La mère de René veut monter du rez-de-chaussée au premier étage un plateau chargé  d'une vaisselle à laquelle  elle tient comme à la prunelle de ses yeux. "Laisse-moi monter ce plateau, petite mère. - Tu n'y penses pas ! Et si tu le faisais tomber !"  Elle monte l'escalier  et en arrivant en haut le plateau bascule et la précieuse vaisselle se brise sur les marches. René est triste pour sa mère, mais triomphe intérieurement.

 

 

2 - Pendant la guerre

 

En 1939, René vient de passer son bac, lorsque commence la  guerre. Il décide de préparer St Cyr.  Mais  à la fin de l'année, alors qu'il faisait très froid, son père, qui était entrain de dépanner un camion, est emporté par une crise  cardiaque  (il avait été gazé pendant la guerre de 14). Dès ce moment-là, il doit  aider sa mère à la laiterie. De plus,  en juin 194O est signé l'armistice et le recrutement des élèves officiers ne se fait plus dans les mêmes circonstances. Il est recalé  au concours d'entrée.  Il se consacre donc entièrement  à la laiterie. Il assure avec quelques ouvriers les tournées de ramassage, s'occupe des véhicules. Parfois, il est accompagné dans les tournées  par un inspecteur de la répression des fraudes, chargé de vérifier que le lait ramassé n'est pas coupé. Sa femme et lui deviendront  amis de René et de sa  mère. En 1942, René  participe, comme tous les jeunes gens de  sa classe en zone Sud aux Chantiers de jeunesse. Puis il reprend son activité à la laiterie jusqu'à la fin de la guerre.  De temps en temps, des copains le contactent pour  participer à une activité de maquis (déraillement de trains). Il ne veut surtout pas que sa mère le sache  (Je pense d'ailleurs qu'elle ne l'a jamais su !).

 

Aux chantiers de jeunesse

C'est l'hiver. C'est la nuit. Il est seul, perdu dans une forêt enneigée. Il fait très froid. Il n'arrête pas de marcher, il s'enfonce, il continue, car il sait qu'il ne faut pas tomber et s'endormir. Heureusement, il aperçoit une lumière dans la nuit : c'est une lampe à acétylène, posée au bord d'une fenêtre. Il y a une maison ; il frappe ; un homme lui ouvre et lui sert une soupe chaude. Il est sauvé.

 

Comment René a échappé au S.T.O.

Les Allemands ont raflé les jeunes gens dans la rue. René est parmi eux. Son chien l'a suivi. René caresse le chien,  et sans se faire remarquer repart avec lui.

 

La guerre terminée,  il ne voit pas l'avenir de la   laiterie de la même façon que sa mère et décide de reprendre ses études. Il opte pour le droit, il songe vaguement à l'E.N.A.
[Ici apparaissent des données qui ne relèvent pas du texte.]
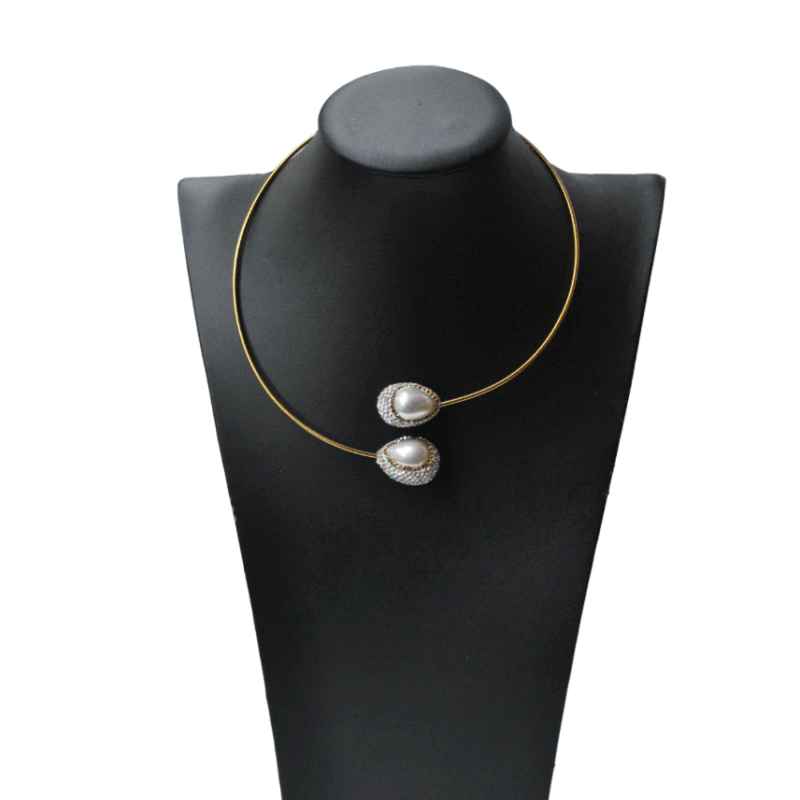 Choker dorada brillantes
Comme il lui faut travailler, il  entre à la B.C.P. de l'Isère, qui vient d'ouvrir. Ses  amis Legros le mettent en rapport avec Madeleine Thomas qui cherche à recruter un sous-bibliothécaire….

C'est le début d'une carrière à laquelle il n'avait pas songé  à l'origine…Quelques années plus tard, sa nomination au bibliobus  de la Charente maritime changera notre vie.

 

 

 

4 - Le Bibliobus de Charente-Maritime

 

M. Raymond, le directeur,  n'était pas bibliothécaire et au départ connaissait peu les livres. Mais, étant du pays, il avait un très bon contact avec la population et avec les élus. Il fallait l'aider à gérer la bibliothèque, sans qu'il se sente incompétent, et  suppléer à son manque de connaissance des livres par  un système de choix d'ouvrages utilisable par tous pour les dépôts (à cette époque, il n'y avait que des bibliobus-caisses). Aussi René, s'inspirant du système mis en place dans l'Isère, établit des listes de livres qui permettaient  une répartition équilibrée des diverses catégories d'ouvrages en différents lots et une rotation rationnelle mais souple de ces lots dans chaque dépôt. Cela permettait aussi de contrôler plus rapidement les titres qui avaient été à la disposition des lecteurs pendant les deux années précédentes.

 

 

5 - Fiançailles

 

Comment j'ai rencontré René

Je suis bibliothécaire contractuelle et je remplace une collègue de Marseille en congé de maternité. Même après son retour, je reste encore à la B.C.P. des Bouches-du-Rhône. Je reçois une lettre de Pierre Lelièvre, Inspecteur général des bibliothèques. Il me propose un poste au bibliobus de Charente Maritime, dirigé par un non-bibliothécaire, que la Direction des bibliothèques veut voir épaulé par un professionnel. René Fillet s'y était fait respecter et était très écouté de M. Raymond, le directeur. Mais il venait d'obtenir en Loir-et-Cher un poste de conservateur, directeur de la B.C.P. Je suis donc chargée de le remplacer à Saintes et M. Lelièvre m'écrit : "Vous auriez intérêt à prendre contact avec M. Fillet." Notre premier échange est donc une lettre dactylographiée, quasi-administrative. Ma collègue, Mme Robin me fait pourtant remarquer - a-t-elle des arrière-pensées ?-  qu'une lettre manuscrite aurait peut-être été plus chaleureuse.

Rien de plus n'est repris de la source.